Fake tweets are observed to be ever-increasing, demanding immediate countermeasures to combat their spread. During COVID-19, tweets with misinformation should be flagged and neutralised in their early stages to mitigate the damages. Most of the existing methods for early detection of fake news assume to have enough propagation information for large labelled tweets – which may not be an ideal setting for cases like COVID-19 where both aspects are largely absent. In this work, we present ENDEMIC, a novel early detection model which leverages exogenous and endogenous signals related to tweets, while learning on limited labelled data. We first develop a novel dataset, called ECTF for early COVID-19 Twitter fake news, with additional behavioural test-sets to validate early detection.
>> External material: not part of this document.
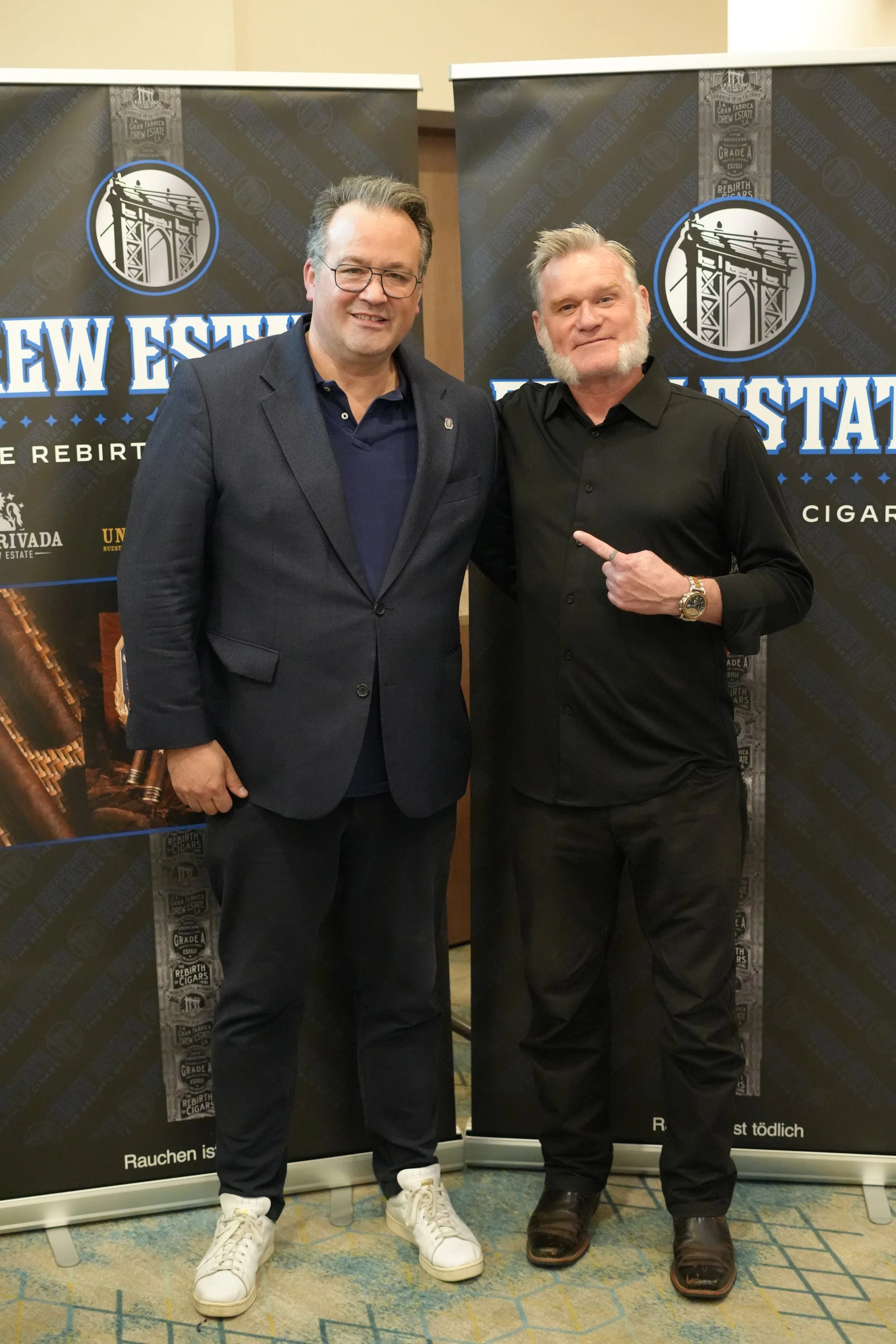 Two men standing in front of banners with a bridge illustration and text. The man on the left is wearing glasses, a dark blazer, a navy blue shirt, and white sneakers. The man on the right has white hair, a beard, and is wearing a black shirt, black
We build a heterogeneous graph with follower-followee, user-tweet, and tweet-retweet connections and train a graph embedding model to aggregate propagation information. Graph embeddings and contextual features constitute endogenous, while time-relative web-scraped information constitutes exogenous signals. ENDEMIC is trained in a semi-supervised fashion, overcoming the challenge of limited labelled data. We propose a co-attention mechanism to fuse signal representations optimally. Experimental results on ECTF, PolitiFact, and GossipCop show that ENDEMIC is highly reliable in detecting early fake tweets, outperforming nine state-of-the-art methods significantly.

R. Bansal and W. S. Paka—Equal Contribution. The work was done when Rachit was an intern at IIIT-Delhi.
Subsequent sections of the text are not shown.